Este, em muitas partes do mundo, é o verdadeiro factor de divisão, mesmo que seja silenciosamente ou desdenhosamente negado. Isto é pecado no sentido mais estrito do termo. Isto significa que "o reino deste mundo" se tornou mais importante, no próprio coração, do que o Reino de Deus.

Creio que todos somos chamados a fazer um exame sério das nossas consciências sobre este assunto e a convertermo-nos. Esta é, por excelência, a obra daquele cujo nome é "diabolos", isto é, o divisor, o inimigo que semeia joio, como Jesus o define na sua parábola (cf. Mt 13,25).
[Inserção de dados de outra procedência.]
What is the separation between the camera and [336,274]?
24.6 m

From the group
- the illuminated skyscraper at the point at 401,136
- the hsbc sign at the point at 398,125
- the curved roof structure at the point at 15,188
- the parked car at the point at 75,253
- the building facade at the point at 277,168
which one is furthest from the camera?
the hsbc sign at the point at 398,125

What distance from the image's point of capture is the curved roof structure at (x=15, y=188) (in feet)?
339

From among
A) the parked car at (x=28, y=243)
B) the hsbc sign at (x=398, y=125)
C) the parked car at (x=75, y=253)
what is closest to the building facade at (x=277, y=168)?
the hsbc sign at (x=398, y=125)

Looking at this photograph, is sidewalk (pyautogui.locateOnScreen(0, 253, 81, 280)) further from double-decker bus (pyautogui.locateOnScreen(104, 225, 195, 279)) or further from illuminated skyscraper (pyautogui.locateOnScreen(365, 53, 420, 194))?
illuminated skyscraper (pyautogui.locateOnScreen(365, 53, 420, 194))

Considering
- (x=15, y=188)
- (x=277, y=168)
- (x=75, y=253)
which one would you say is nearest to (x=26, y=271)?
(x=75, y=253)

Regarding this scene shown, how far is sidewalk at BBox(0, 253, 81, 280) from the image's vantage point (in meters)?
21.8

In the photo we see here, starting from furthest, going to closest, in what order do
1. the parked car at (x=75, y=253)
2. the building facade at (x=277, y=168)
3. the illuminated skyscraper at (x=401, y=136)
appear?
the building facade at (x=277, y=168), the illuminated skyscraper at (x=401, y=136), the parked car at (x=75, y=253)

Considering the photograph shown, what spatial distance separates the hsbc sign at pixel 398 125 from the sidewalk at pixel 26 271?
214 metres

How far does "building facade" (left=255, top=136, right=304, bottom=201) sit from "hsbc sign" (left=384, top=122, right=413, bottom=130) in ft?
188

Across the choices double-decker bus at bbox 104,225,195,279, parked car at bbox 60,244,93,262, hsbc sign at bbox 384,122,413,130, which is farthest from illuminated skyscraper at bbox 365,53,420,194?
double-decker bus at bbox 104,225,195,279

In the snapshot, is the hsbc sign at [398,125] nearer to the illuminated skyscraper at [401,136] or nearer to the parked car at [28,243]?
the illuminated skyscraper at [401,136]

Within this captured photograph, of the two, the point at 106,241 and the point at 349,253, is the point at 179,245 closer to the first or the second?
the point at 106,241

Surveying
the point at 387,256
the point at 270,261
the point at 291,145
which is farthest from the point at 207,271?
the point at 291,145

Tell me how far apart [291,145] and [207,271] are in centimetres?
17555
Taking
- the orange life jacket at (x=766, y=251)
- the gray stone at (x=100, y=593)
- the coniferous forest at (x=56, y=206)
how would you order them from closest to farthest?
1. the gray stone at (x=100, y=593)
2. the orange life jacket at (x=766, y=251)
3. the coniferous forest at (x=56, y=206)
Temos de aprender com o Evangelho e o exemplo de Jesus. Havia uma forte polarização política à sua volta. Havia quatro partidos: os Fariseus, os Saduceus, os Herodianos e os Zelotes. Jesus não se alinhou com nenhum deles e resistiu fortemente à tentativa de o arrastar para um lado ou para o outro.
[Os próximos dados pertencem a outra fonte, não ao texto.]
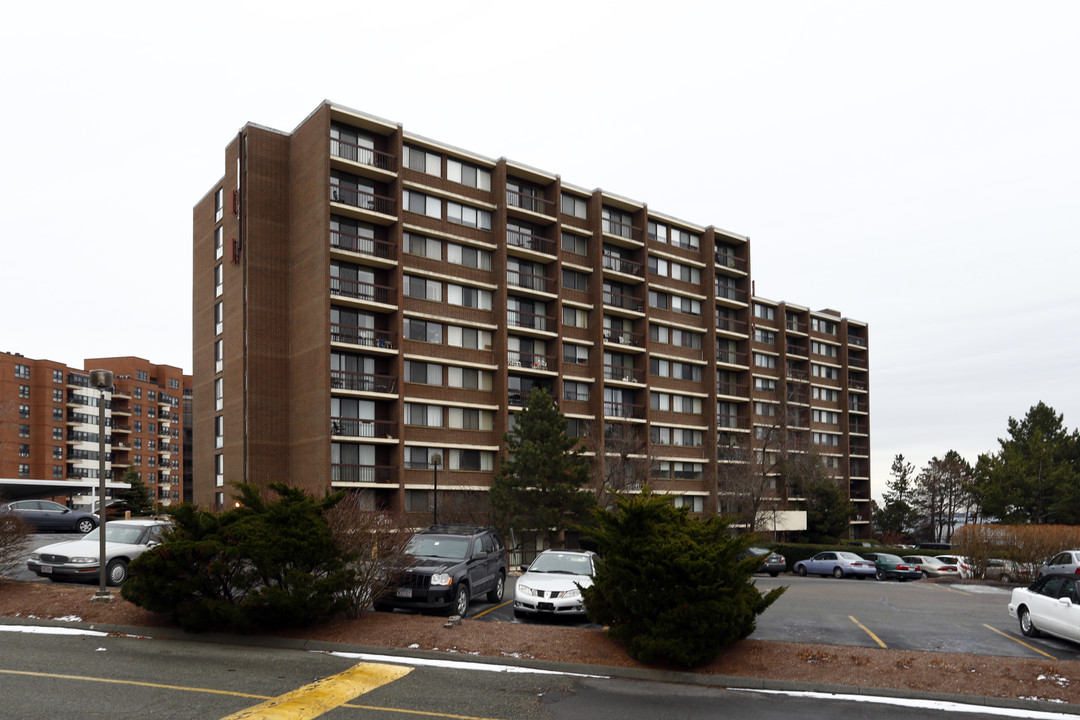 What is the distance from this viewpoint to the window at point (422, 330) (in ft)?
156

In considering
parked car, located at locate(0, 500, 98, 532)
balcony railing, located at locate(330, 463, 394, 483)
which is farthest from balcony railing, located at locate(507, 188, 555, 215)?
parked car, located at locate(0, 500, 98, 532)

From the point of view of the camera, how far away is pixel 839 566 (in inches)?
1697

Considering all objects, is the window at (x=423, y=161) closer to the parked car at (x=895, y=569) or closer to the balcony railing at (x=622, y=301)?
the balcony railing at (x=622, y=301)

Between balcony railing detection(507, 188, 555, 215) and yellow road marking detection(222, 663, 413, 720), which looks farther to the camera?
balcony railing detection(507, 188, 555, 215)

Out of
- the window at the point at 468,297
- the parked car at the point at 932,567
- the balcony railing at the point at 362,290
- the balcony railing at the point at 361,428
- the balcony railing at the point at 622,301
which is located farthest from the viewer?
the balcony railing at the point at 622,301

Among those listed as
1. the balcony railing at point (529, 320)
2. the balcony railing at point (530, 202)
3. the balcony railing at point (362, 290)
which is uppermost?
the balcony railing at point (530, 202)

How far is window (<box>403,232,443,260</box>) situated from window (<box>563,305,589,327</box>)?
423 inches

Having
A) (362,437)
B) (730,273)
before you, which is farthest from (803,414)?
(362,437)

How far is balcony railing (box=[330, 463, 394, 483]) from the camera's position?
43.2 meters

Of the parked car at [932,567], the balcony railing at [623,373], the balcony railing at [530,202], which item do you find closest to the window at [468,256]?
the balcony railing at [530,202]

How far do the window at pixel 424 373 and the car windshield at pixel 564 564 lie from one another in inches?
1161

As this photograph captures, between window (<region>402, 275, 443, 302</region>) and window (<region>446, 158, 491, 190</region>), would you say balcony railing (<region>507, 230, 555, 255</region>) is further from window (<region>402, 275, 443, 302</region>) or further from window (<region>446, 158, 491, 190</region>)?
window (<region>402, 275, 443, 302</region>)

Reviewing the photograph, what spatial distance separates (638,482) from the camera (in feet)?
171

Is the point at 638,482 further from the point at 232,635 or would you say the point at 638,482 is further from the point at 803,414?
the point at 232,635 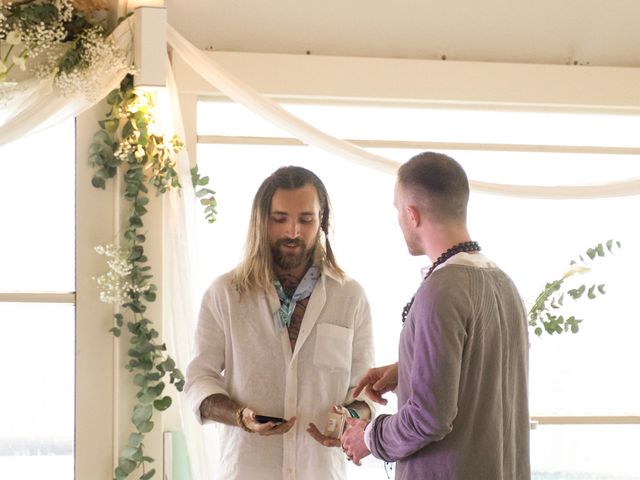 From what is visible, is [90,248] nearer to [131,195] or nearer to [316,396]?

A comunidade cristã primitiva seguiu-o fielmente nesta escolha. Este é um exemplo especialmente para os pastores que devem ser pastores de todo o rebanho e não apenas de uma parte do mesmo. Portanto, são os primeiros a ter de fazer um exame de consciência sério e a perguntar-se para onde levam o seu rebanho: se para o seu lado, ou para o lado de Jesus.

O Concílio Vaticano II confia aos leigos, em particular, a tarefa de pôr em prática os ensinamentos sociais, económicos e políticos do Evangelho em várias situações históricas. Estas podem ser traduzidas em diferentes escolhas, mesmo que sejam respeitosas dos outros e pacíficas.

Se existe um carisma ou dom especial que a Igreja Católica é chamada a cultivar para todas as Igrejas cristãs, ele é a unidade. A recente viagem do Santo Padre ao Iraque deu-nos uma noção em primeira mão do que significa para aqueles que são oprimidos ou que sobreviveram à guerra e à perseguição sentir-se parte de um corpo universal, com alguém que pode fazer o resto do mundo ouvir o seu grito e reavivar a esperança. Uma vez mais a ordem de Cristo a Pedro foi cumprida: "Confirmai os vossos irmãos" (Lc 22,32).

Àquele que morreu na cruz "para reunir os filhos de Deus dispersos" (Jo 11,52) elevamos, neste dia, "com coração contrito e espírito humilde", a oração que a Igreja Lhe dirige em cada Missa antes da Comunhão:

Senhor Jesus Cristo, dissestes aos vossos apóstolos: "Deixo convosco a paz, a minha paz vos dou". Não olhai para os nossos pecados, mas para a fé da vossa Igreja, e de acordo com a vossa palavra concedei-lhe paz e unidade, vós que viveis e reinais pelos séculos dos séculos. Ámen.